# Realtek 8111E?

## fuzzybee

I just picked up a motherboard with a Realtek 8111E network chipset.  Looking back through the posts here, it appears people have had issues with it.  The last posts I see, though, are a year ago.

What's the current status of this chipset with the up-to-date kernel?  Should I try to send my motherboard back?

----------

## eccerr0r

Which particular motherboard?

I've a lot of equipment with the RTL8111/8168B/8169 chipset Gigabit ethernets and they work "fine" for client use, never really had issues with them other than hardware failure.

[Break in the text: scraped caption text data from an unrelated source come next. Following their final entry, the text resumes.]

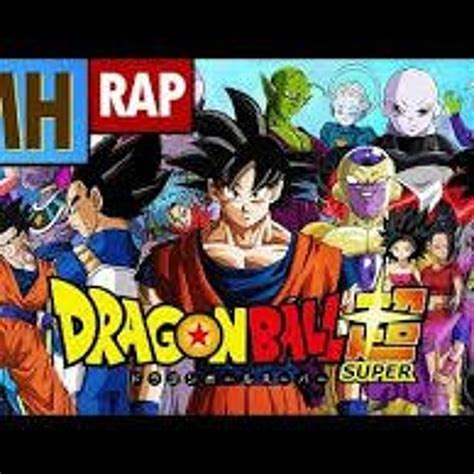 Stream Rap Do Goku Dragon Ball Z Tauz RapTributo 02 50k By Gojeta Ss4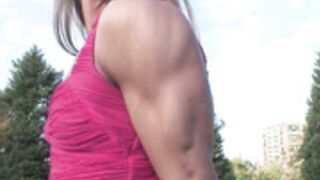 Holland Canter muscle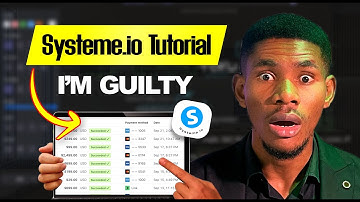 Systeme.io tutorial top 3 Mistakes Every Systeme.io BEGINNER Makes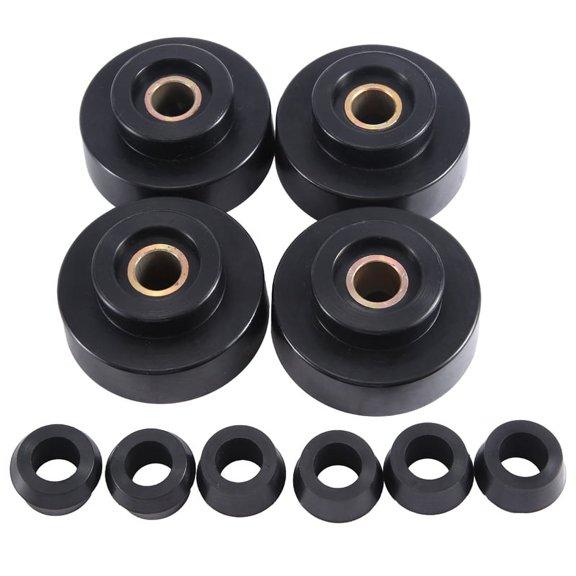 For 379 Polyurethane Radiator Mounting Kit Radiator Mounting Kit
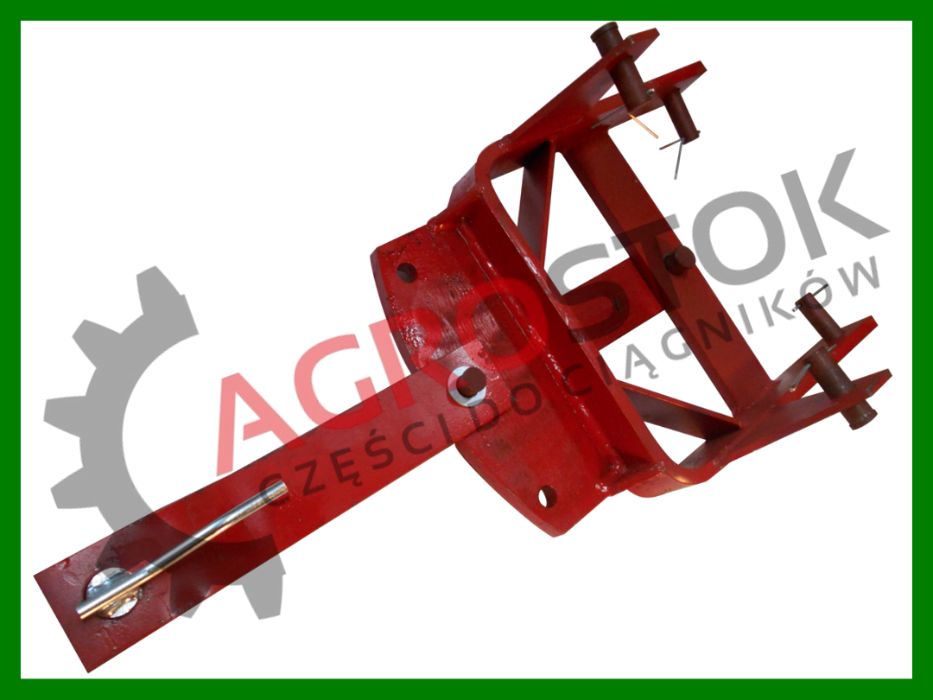 Zaczep transportowy dolny T25 T-25 Władimirec górny
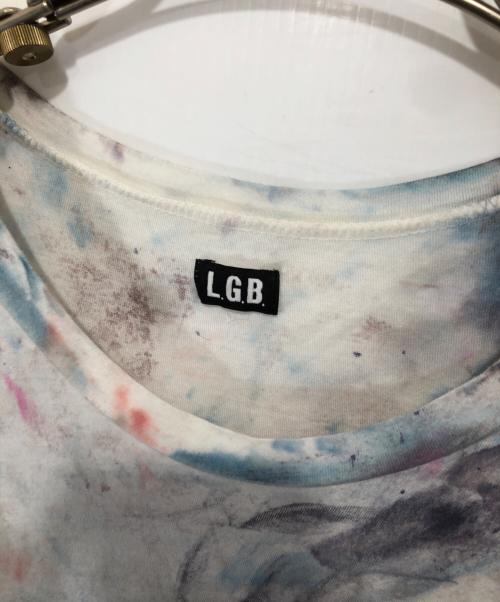 L.G.B（ルグランブルー）L.G.B (ルグランブルー) BIRD/HSC　birds/hsc マルチカラーの古着・服飾アイテム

These are most of the realteks that I have in various machines, they all use the r8169 driver.  Just the one on 00:0f.0 is a discrete PCI card.

04:00.0 Ethernet controller: Realtek Semiconductor Co., Ltd. RTL8111/8168B PCI Express Gigabit Ethernet controller (rev 02)

01:00.2 Ethernet controller: Realtek Semiconductor Co., Ltd. RTL8111/8168B PCI Express Gigabit Ethernet controller (rev 0a)

00:0f.0 Ethernet controller: Realtek Semiconductor Co., Ltd. RTL8169 PCI Gigabit Ethernet Controller (rev 10)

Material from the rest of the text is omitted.